(Extracted data entries)
++++++++++++++++++++

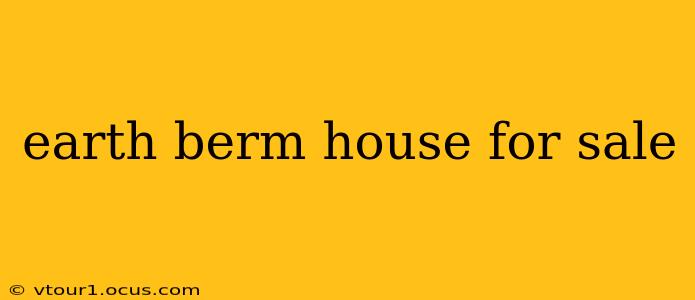 earth berm house for sale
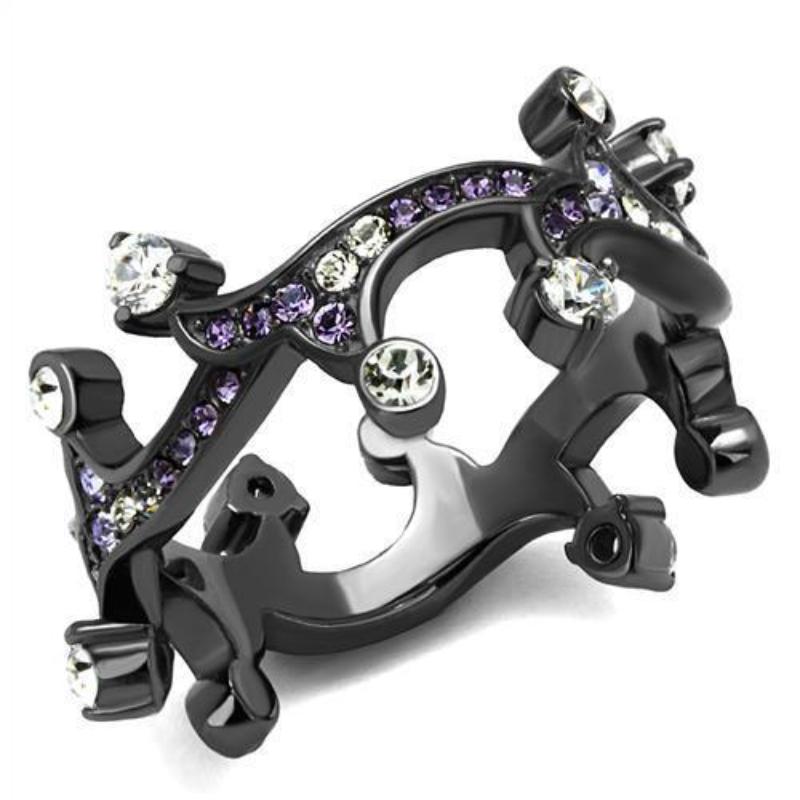 IP Light Black Stainless Steel Ring with AAA Grade CZ in Clear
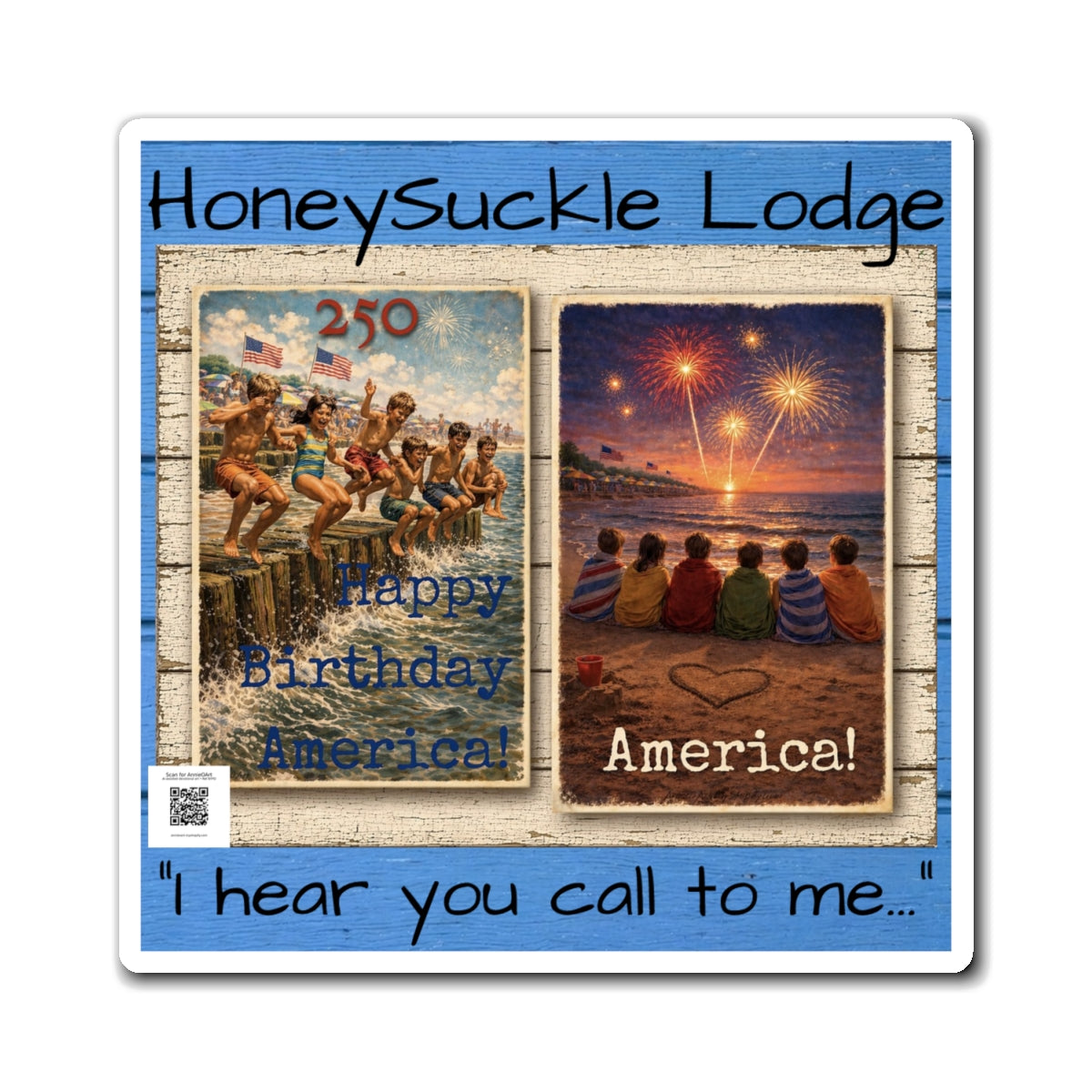 Honeysuckle Lodge Americana Magnet — "I Hear You Call to Me" Patriotic Refrigerator Magnet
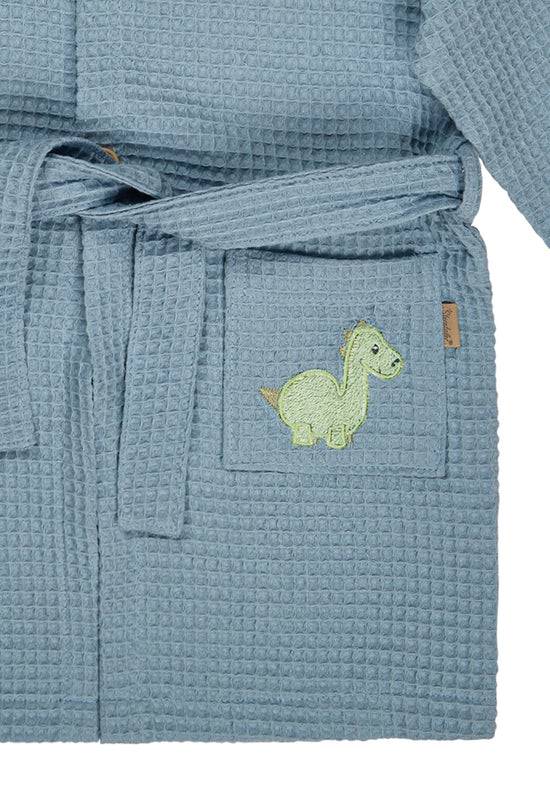 Sterntaler Bademantel Dino Rexi mit Kapuze in blau Fabrikpreis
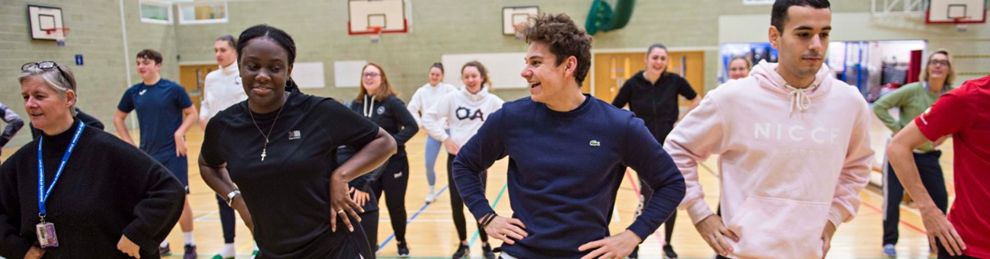 PE students in the sports hall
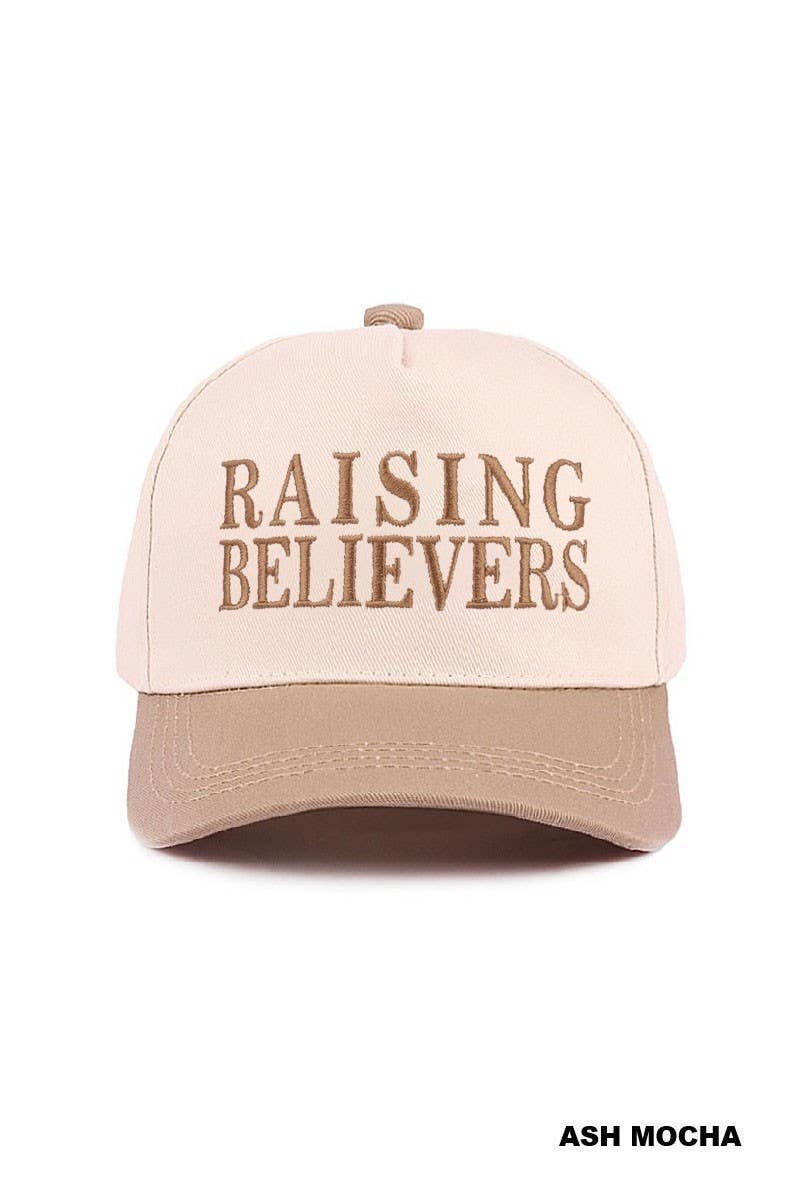 Raising Believers Two Tone Cotton Hat: BLACK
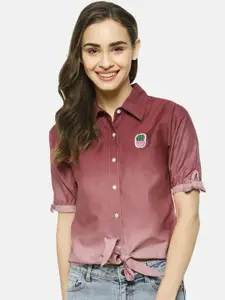 Campus Sutra Women Maroon Classic Regular Fit Faded Casual Shirt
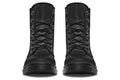 Pitch Black Boots - Vegan Leather Doc-Style Boots with Durable Stitched on Soles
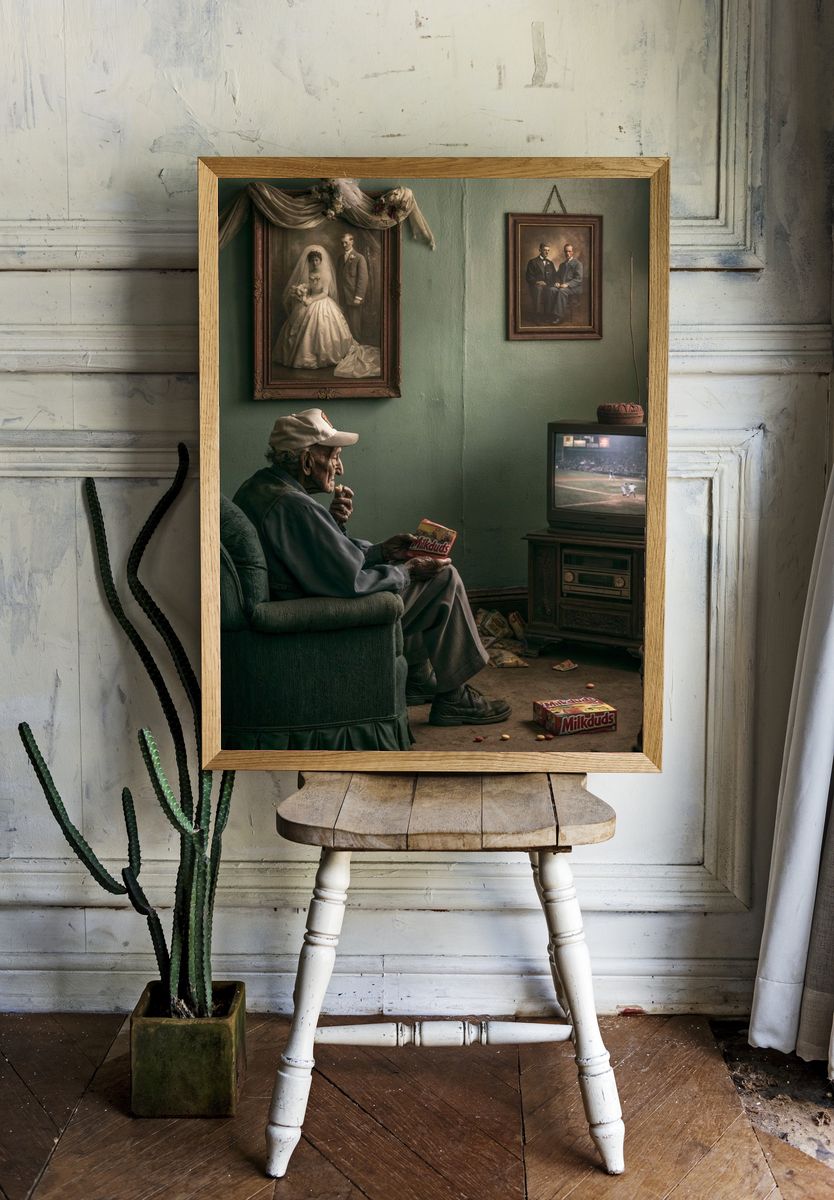 Elderly Man Watching Baseball Poster. room preview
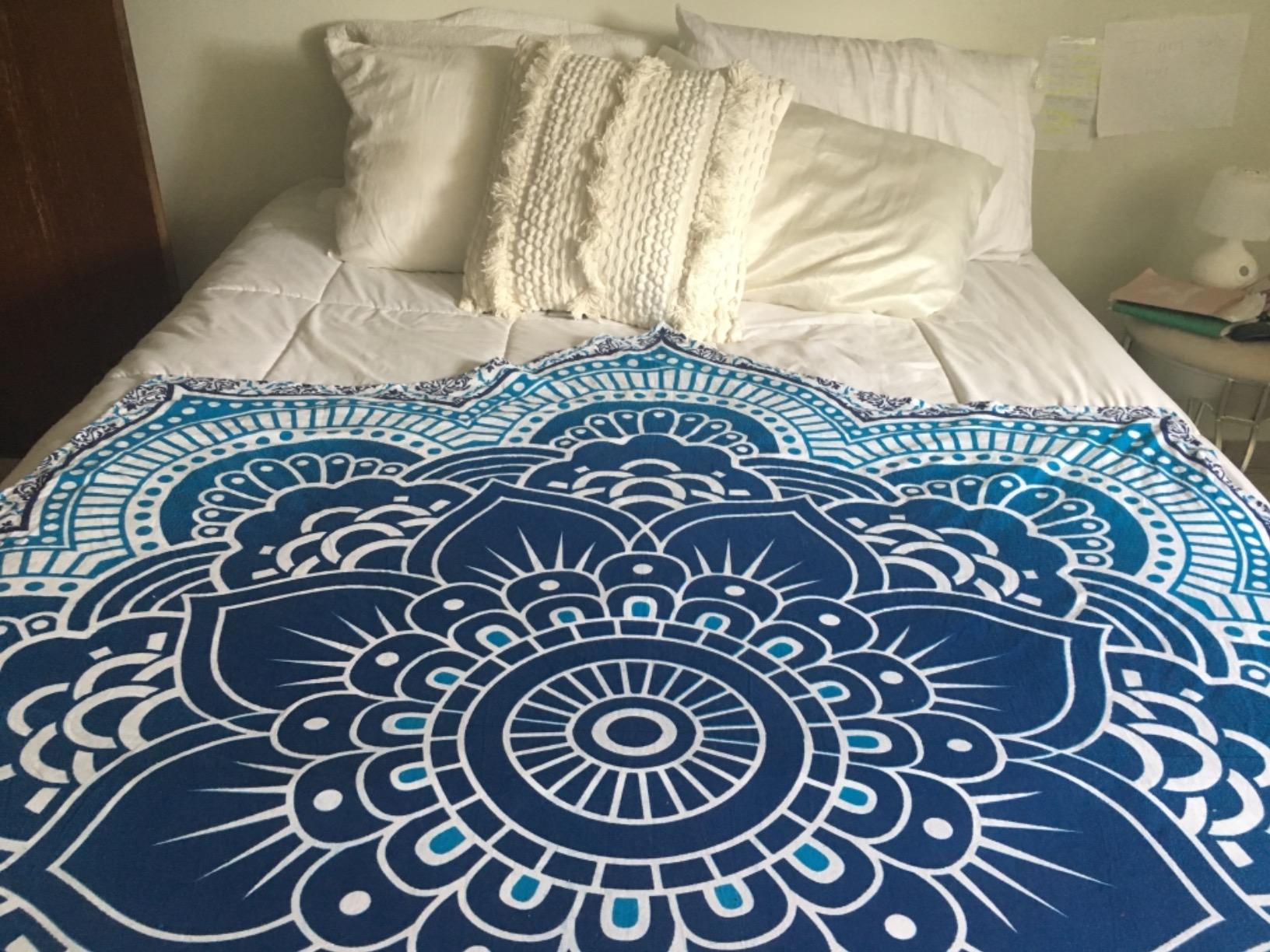 The Boho Street Turquoise Tree of Life Twin Size Indian Bohemian Wall Art - Mandala, Hippie Tapestries Psychedelic Boho Tapestry, Wall Hanging for Bedroom (52x82 Inches) customer photo 2
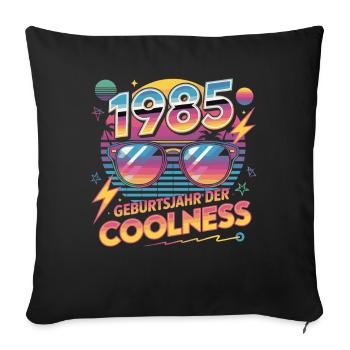 1985 Année de naissance de la fraîcheur - Housse de coussin décorative 45 x 45 cm - noir - Devant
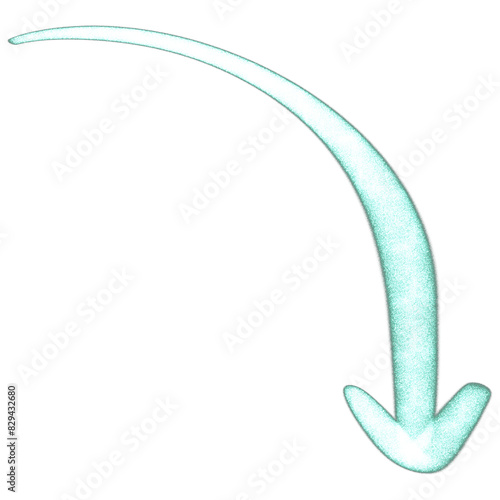 Quarter circle glittery blue arrow sign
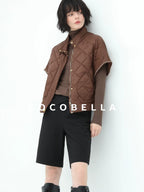 COCOBELLA High Waist Pu Straight Leg 3D Embellished Office Workwear Black Pants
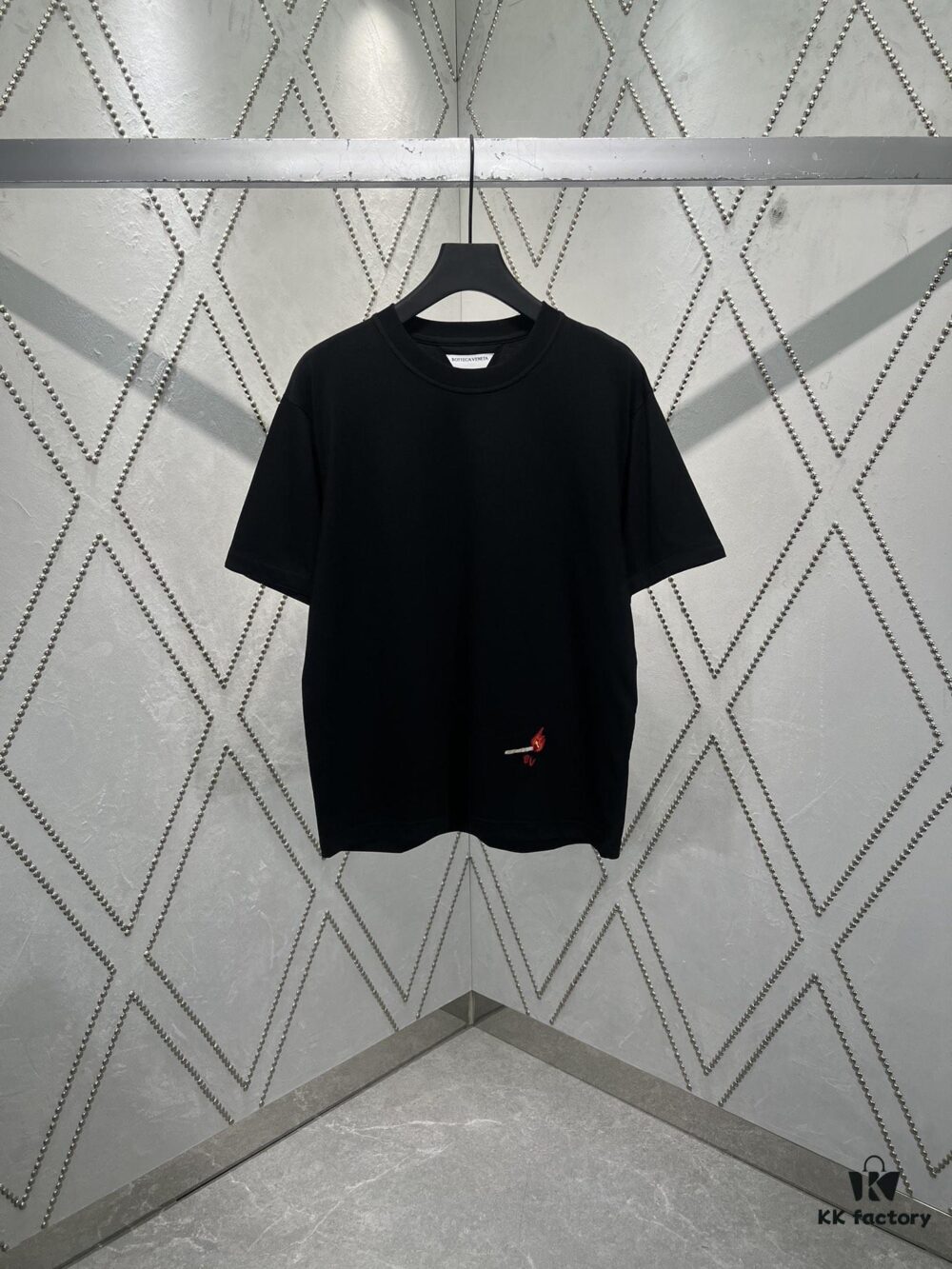6931a48bccd8ab3d7af98d98 BV 25SS New Arrival Round Neck Cotton Matchstick Short Sleeve T-Shirt with Embroidery! Unisex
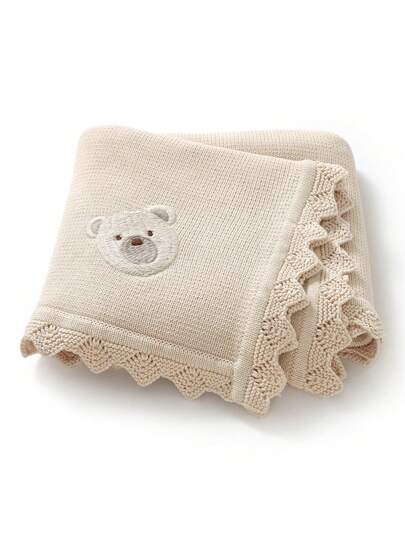 1pc Baby Knitted Blanket, Cute Bear Embroidery Romantic Wavy Edge, Comfortable & Minimalist, Suitable For Stroller, All Seasons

++++++++++++++++++++

Task brief: Repeat only the lines from the line with "Elderly Man Watching" to the end of the entries, including both the first and the last line, and drop every picture.

Task solution:
 Elderly Man Watching Baseball Poster. room preview
 The Boho Street Turquoise Tree of Life Twin Size Indian Bohemian Wall Art - Mandala, Hippie Tapestries Psychedelic Boho Tapestry, Wall Hanging for Bedroom (52x82 Inches) customer photo 2
 1985 Année de naissance de la fraîcheur - Housse de coussin décorative 45 x 45 cm - noir - Devant
 Quarter circle glittery blue arrow sign
 COCOBELLA High Waist Pu Straight Leg 3D Embellished Office Workwear Black Pants
6931a48bccd8ab3d7af98d98 BV 25SS New Arrival Round Neck Cotton Matchstick Short Sleeve T-Shirt with Embroidery! Unisex
 1pc Baby Knitted Blanket, Cute Bear Embroidery Romantic Wavy Edge, Comfortable & Minimalist, Suitable For Stroller, All Seasons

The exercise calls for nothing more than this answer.